Gabriela Hardt decreta preventiva de César Mata Pires Filho, da OAS, e fixa fiança de R$ 28 mi

Empreiteiro foi detido pela 'Sem Fundos', fase 56 da Lava Jato, por participar de suposto esquema de pagamento de propina para o PT durante a construção da sede da estatal em Salvador

Paulo Roberto Netto

01 Dezembro 2018 | 05h00

A Torre Pituba, sede da Petrobrás em Salvador. Foto; Google Street View

A juíza federal Gabriela Hardt, substituta de Moro na Vara Federal de Curitiba, decretou a prisão preventiva do empreiteiro César Mata Pires Filho, detido no âmbito da Operação Sem Fundos, 56ª fase da Lava Jato, e fixou fiança de R$ 28 milhões. O empresário teve mandado de prisão temporária expedido na sexta passada, 23, mas estava fora do país e se entregou à Polícia Federal na noite de domingo, 26.

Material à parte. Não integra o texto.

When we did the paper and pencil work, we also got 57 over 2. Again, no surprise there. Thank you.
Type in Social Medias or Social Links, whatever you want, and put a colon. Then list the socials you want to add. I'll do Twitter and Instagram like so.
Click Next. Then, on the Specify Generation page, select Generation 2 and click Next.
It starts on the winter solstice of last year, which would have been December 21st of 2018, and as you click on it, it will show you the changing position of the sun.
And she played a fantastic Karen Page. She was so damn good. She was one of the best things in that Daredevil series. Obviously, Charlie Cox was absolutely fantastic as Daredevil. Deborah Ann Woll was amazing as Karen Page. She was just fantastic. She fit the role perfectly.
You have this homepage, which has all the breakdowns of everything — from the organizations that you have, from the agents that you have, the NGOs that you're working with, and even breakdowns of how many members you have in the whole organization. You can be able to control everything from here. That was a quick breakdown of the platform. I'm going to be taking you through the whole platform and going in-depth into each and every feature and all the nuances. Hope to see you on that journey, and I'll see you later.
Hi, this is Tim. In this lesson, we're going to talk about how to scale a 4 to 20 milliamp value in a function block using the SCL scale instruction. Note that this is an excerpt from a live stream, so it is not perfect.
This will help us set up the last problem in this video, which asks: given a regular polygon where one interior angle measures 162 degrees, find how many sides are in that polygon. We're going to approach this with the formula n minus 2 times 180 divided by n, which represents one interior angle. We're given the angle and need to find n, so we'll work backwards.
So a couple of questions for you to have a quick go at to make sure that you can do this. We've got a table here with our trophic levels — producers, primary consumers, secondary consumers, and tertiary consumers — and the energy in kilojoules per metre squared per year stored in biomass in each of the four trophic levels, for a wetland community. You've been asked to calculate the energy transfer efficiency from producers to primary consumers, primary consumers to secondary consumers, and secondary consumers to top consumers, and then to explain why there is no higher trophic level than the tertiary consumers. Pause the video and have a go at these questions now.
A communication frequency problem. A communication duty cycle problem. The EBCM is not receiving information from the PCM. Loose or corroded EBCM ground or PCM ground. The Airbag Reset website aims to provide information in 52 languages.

O advogado Aloísio Lacerda Medeiros, que defende o empresário Mata Pires Filho, disse que ‘o juízo decretou a preventiva, no entanto fixou cautelares substitutivas da prisão’. Aloísio informou que a família do empresário vai depositar os R$ 28 milhões da fiança em conta judicial nos próximos dias.

César Mata Pires Filho é acusado de participar de suposto esquema de pagamento de propina a ex-dirigentes da Petrobrás e do Fundo Petros durante a construção da Torre Pituba, sede da estatal em Salvador, quando era vice-presidente da OAS. Parte das vantagens indevidas também teriam sido destinadas ao Diretório Nacional do PT, segundo o Ministério Público Federal.

O empresário foi ouvido pela Polícia Federal e negou atuação direta no contrato relativo à construção do empreendimento.

Provas recolhidas pela Sem Fundos apontam que o empreiteiro ‘atuava diretamente na distribuição de vantagens ilícias’. Em pedido apresentado à Gabriela Hardt, a procuradoria diz que há indícios de que César Mata Filho tinha consciência de todo o suposto volume de pagamentos indevidos da Área de Projetos Estruturados da OAS, o setor de pagamento de propinas da empreiteira.

O Ministério Público também apresentou depoimentos de seis delatores que afirmaram ter conhecimento de ordem de César Mata Filho para a destruição de aparelhos e mídias eletrônicas utilizadas pelo setor de propinas da empreiteira logo após a deflagração da Lava Jato, em março de 2014.

“Todos esses elementos, somado ao fato do réu viajar com frequência ao exterior, bem como ter a possibilidade de se furtar da aplicação da lei penal, considerando sua condição econômica privilegiada, justificam a decretação de sua prisão preventiva tanto para garantia da ordem pública, quanto da instrução criminal e da aplicação da lei penal”, decretou Gabriela Hardt.

A magistrada afirmou que, apesar da ‘gravidade dos fatos’ atribuídos à César Mata Pires Filho, a prisão preventiva é ‘excepcional’ e não pode ser vista como antecipação de pena. Por essa razão, Gabriela Hardt fixou fiança de R$ 28 milhões para garantir a concessão da liberdade do empresário. Quando o valor for quitado, o empreiteiro terá que cumprir medidas cautelares, como a entrega de passaporte e a proibição de manter contatos com investigados ou assumir cargos na OAS.

COM A PALAVRA, O ADVOGADO ALOÍSIO LACERDA MEDEIROS, QUE DEFENDE CÉSAR MATA PIRES FILHO, DA OAS
“Foi decretada a preventiva, no entanto, o Juízo fixou cautelares substitutivas da prisão, dentre as quais a fiança de R$ 28 milhões. Estamos reunindo o numerário para recolhimento em conta judicial, o que faremos nos próximos dias.”